From his cramped trailer office along a dusty road lined with grape vines near Selma, Guillermo Zamora hires farmworkers by the dozens and dispatches them across Fresno County to prune and pick crops. He's a Mexican immigrant farmworker turned farm-labor contractor — the go-to guy for laborers who need jobs and growers who need workers.

Most days, he rumbles along country roads in his Chevy Silverado pickup with orange flame decals. The American flag on the dashboard lets people know where his allegiance lies.

"You ain't going to find a Mexican more proud to be an American," said Zamora, a legal U.S. resident, on a recent summer morning. "This is a beautiful country."

The truth is, though, Zamora doesn't hire Americans. Farm labor contractors and most other employers in the Valley's multibillion-dollar agriculture industry rely almost exclusively on immigrants — mostly illegal immigrants.

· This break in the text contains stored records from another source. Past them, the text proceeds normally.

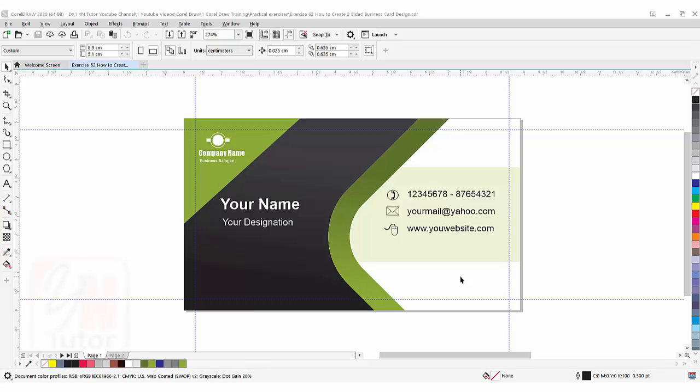Hi guys, this is lesson number 63 from our CorelDRAW training course series. In this exercise we are going to learn how to set bleed limits and cropping area around our design layout.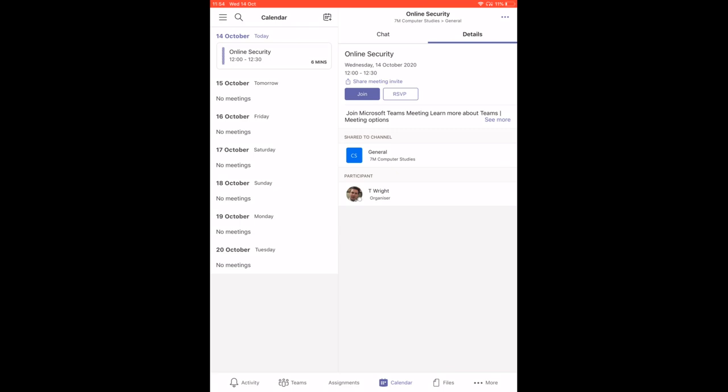Click join on the meeting. You can see I've got one here today, online security, in about 6 minutes. I'm going to press join on that.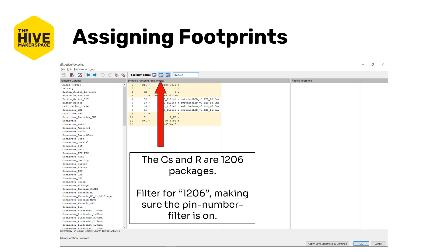We're going to start with the 1206 package, which is a standard passives package. A lot of passives have standard packages, and you'll learn which ones you can use the global libraries for and which ones you can't. We're going to search for 1206 in the filter box. If you're unsure which library to find the footprint in, the filter box at the top is really the best way to limit your options. The middle Pin Count filter will filter based on the number of pins in the selected symbol — clicking on one of those capacitors, there are two pins, so it'll only show footprints with two pads, which can be really valuable. So type in 1206 into the filter box, making sure the pin number filter is on.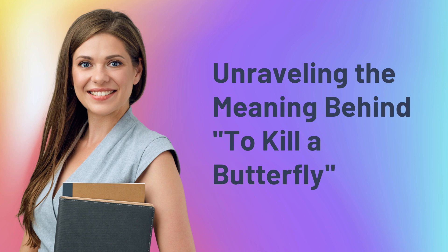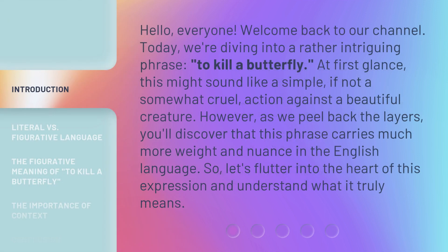Unraveling the meaning behind 'to kill a butterfly.' Hello everyone, welcome back to our channel. Today we're diving into a rather intriguing phrase: 'to kill a butterfly.' At first glance, this might sound like a simple, if not somewhat cruel, action against a beautiful creature. However, as we peel back the layers, you'll discover that this phrase carries much more weight and nuance in the English language. So let's flutter into the heart of this expression and understand what it truly means.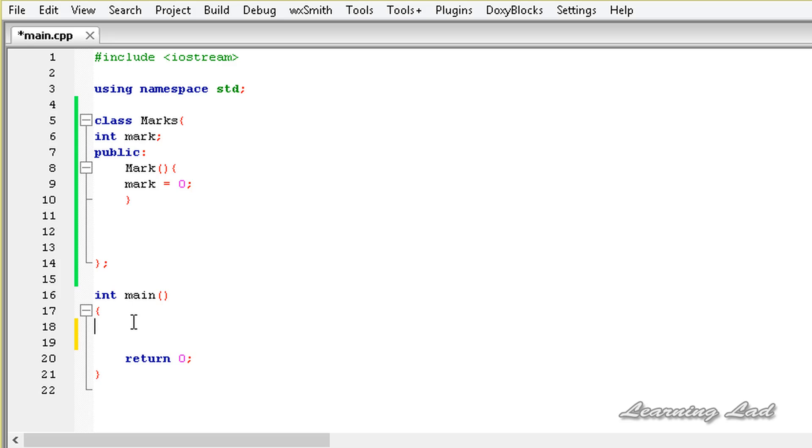So this is it guys, this is about some restrictions or important things that we should know while doing operator overloading in C++. Thank you for watching and don't forget to subscribe. I'll see you in the next tutorial.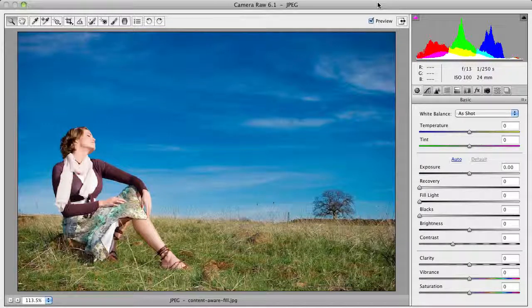In this video, I'd like to show you the graduated filter inside of Camera Raw. I have an image open here, and it actually is a JPEG image, but this works all the same.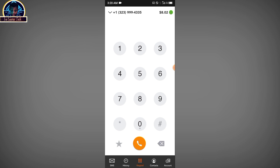When you want to make a call, the app charges very low. You have to make sure that you include the country code for wherever you are calling. For instance, to make a call to Nigeria, the country code is +234, then you input the number. As you can see, the rate is $0.1 per 80 minutes — honestly it charges very low.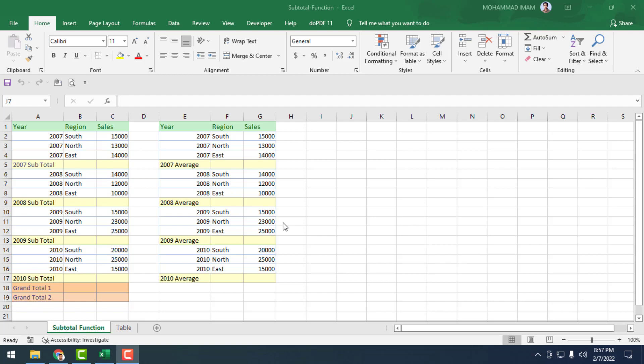Assalamualaikum. In this video tutorial we will learn the SUBTOTAL function. SUBTOTAL is a special function — by using it, we can find out the subtotal of a range. You can select the action type of the SUBTOTAL function. Let's make the concept clear with an example.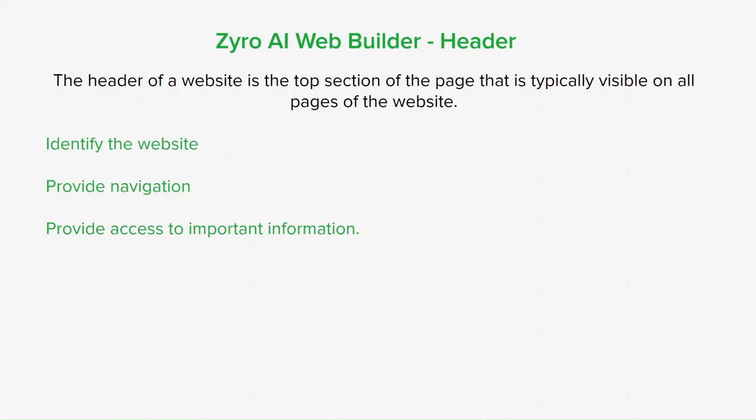It also provides access to important information like the contact page or search bar. In addition to these functional purposes, the header can also be used to create a visual impact and invoke emotions in visitors. For example, you can use bright colors and bold fonts to create a sense of excitement and energy, or you can use soft colors and elegant fonts to create a sense of luxury and sophistication.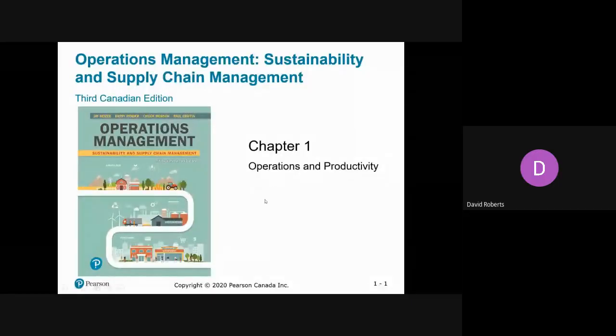Chapter one has to do with operations and productivity. I will share my screen with you as we get started. We're going to deal with operations and productivity. This will give you an overview of the course and specifically talk about some productivity calculations.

Employers hire them as long as they have a forged Social Security card and a green card, which can be bought for less than $100 through a vast underground industry of fake-document vendors in the Central Valley.

The system works well for farmers and farmworkers — as well as many restaurants, hotels and construction companies. But many innocent legal residents are hurt because document counterfeiters often hijack their Social Security numbers.

Agriculture employers often say they can't tell whether the cards are real — but hardly any use a voluntary government online program that helps detect fakes. They say that if they did, they would go out of business. Says Zamora: "I'd end up with no people."

The scheme keeps the Central Valley's economy running on a simple, unspoken rule: Don't ask, don't tell. Employees pretend they're legal residents; employers pretend they don't know any better.

"It's a game — a big game," said Joseph Riofrio, a city councilman in the western Fresno County farmworker town of Mendota, where perhaps a third of the residents are illegal immigrants. "But it's a necessary game. If this game doesn't continue, then the fruit isn't picked, the vegetables aren't picked, and the vibrant agriculture industry stops."